たった一騎。たった一人、最速で先行した恋だ。
一振りで二桁を超える人が吹き飛び、勢いに押され盾を放棄した者は先に放たれていた矢により蜂の巣になった。
もちろん恋も矢の降り注ぐ範囲に入っている。だが彼女は後ろも見ずに避け、時に手にした戟で斬り払い、その身に傷を負うことがない。
二度目の斉射。果敢にも恋へと挑む者、頭上からの矢を防ごうとする者、武器を捨てて逃げようとする者、多くはこの三通りの反応を示した。
挑む者はまとめて薙ぎ払われ、矢を防ごうとした者は大盾ごと体を真っ二つに両断された。逃げる者は追わず、されど後ろに詰めている兵により叶わず。
城門が開いてから二回目の斉射が終わるまで数分。たった数分で袁紹軍は扇型に陣を食い破られ、三分の一ほどの兵を失っていた。
連合軍にとって恋はどのように映っているのだろうか。鬼神か? それとも悪夢そのものか?
董卓軍にとっての彼女は愛犬のようなものだ。普段は大人しく従順な可愛らしい犬だ。しかし、ひとたび主人に敵対などすれば凶悪な番犬と成り代わる。
友好的に振る舞えば問題などなかったのだ。
つまりこれは正当なる防衛。
戦場より聞こえる悲鳴や断末魔の叫び声を聞きながら、俺は自己を正当化していた。
きっとここから先もっと人が死んでいく。恋や皆の手で。俺が立てた作戦に従って。その重さに耐えられるようにと。

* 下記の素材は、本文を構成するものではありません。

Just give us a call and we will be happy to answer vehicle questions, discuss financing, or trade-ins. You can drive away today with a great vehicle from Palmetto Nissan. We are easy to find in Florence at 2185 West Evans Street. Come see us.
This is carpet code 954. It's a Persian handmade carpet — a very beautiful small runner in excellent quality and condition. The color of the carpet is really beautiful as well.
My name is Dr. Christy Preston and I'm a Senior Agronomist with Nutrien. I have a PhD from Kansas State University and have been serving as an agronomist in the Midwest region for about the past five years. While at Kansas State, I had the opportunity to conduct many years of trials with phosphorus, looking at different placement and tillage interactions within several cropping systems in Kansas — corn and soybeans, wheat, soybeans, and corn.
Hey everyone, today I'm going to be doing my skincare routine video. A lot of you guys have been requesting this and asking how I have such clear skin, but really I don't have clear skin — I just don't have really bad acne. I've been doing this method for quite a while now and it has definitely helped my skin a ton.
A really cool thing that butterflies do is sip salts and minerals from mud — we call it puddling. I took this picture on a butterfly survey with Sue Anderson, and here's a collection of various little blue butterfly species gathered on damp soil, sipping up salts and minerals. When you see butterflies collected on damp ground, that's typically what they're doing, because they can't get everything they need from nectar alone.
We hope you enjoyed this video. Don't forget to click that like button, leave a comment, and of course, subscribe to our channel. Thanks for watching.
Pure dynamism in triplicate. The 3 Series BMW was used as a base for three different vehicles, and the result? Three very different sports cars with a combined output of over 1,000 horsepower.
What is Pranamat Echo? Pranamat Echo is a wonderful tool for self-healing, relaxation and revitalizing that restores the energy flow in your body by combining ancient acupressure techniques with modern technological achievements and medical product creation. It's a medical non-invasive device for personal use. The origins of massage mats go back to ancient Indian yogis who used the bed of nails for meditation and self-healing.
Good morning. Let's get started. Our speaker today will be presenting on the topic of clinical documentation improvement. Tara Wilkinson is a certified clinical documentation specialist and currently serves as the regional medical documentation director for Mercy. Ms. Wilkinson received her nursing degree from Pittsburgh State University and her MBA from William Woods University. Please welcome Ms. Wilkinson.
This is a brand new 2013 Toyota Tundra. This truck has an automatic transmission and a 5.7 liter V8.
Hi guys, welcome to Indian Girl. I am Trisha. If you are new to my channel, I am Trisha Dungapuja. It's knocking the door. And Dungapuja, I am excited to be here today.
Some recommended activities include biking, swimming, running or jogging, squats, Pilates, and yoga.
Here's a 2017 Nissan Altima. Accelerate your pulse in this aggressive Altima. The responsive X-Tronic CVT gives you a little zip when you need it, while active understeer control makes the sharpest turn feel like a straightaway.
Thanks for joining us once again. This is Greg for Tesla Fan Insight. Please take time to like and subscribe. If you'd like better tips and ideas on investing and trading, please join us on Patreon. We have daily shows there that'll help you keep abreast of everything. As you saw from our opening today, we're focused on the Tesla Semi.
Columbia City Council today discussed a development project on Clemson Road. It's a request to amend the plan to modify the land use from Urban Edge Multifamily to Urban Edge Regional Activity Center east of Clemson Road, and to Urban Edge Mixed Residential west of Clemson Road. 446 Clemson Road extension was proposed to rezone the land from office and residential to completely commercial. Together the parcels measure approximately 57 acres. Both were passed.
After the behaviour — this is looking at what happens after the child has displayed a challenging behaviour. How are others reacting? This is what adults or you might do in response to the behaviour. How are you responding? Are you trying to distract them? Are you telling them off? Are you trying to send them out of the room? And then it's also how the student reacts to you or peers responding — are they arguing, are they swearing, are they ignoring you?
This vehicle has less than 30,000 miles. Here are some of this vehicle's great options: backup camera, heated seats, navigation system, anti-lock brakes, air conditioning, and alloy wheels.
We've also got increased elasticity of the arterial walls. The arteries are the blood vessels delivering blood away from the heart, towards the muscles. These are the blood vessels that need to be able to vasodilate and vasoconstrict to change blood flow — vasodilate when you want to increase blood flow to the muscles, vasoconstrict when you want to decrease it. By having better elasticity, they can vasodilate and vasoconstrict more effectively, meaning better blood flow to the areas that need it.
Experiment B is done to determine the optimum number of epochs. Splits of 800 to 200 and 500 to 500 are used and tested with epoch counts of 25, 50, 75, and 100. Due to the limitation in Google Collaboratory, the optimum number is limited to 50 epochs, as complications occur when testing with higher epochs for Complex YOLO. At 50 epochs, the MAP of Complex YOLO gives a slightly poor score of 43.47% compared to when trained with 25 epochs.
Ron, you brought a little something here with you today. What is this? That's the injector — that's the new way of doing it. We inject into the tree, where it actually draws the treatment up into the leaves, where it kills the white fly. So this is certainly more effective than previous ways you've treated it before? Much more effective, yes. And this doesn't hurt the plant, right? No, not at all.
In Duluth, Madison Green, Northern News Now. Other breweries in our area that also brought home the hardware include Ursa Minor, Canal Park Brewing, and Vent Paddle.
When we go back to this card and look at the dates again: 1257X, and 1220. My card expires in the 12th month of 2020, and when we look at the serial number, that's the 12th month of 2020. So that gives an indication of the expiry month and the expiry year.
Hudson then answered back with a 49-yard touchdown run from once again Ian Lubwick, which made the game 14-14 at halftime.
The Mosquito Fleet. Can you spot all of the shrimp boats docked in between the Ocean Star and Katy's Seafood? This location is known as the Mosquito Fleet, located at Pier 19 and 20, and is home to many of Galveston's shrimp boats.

『戦場の恐怖を忘れるな。慣れろとは言わん。だが……割り切れよ』
不意に師匠の言葉を思い出した。
人を殺す恐怖。殺される恐怖。どちらも忘れてはならない。忘れればそれはただの狂気だ。
殺すことに慣れてはならない。如何なる理由があっても殺しとは罪である。
そして、殺すことを割り切る。でなければ心が死んでしまうから。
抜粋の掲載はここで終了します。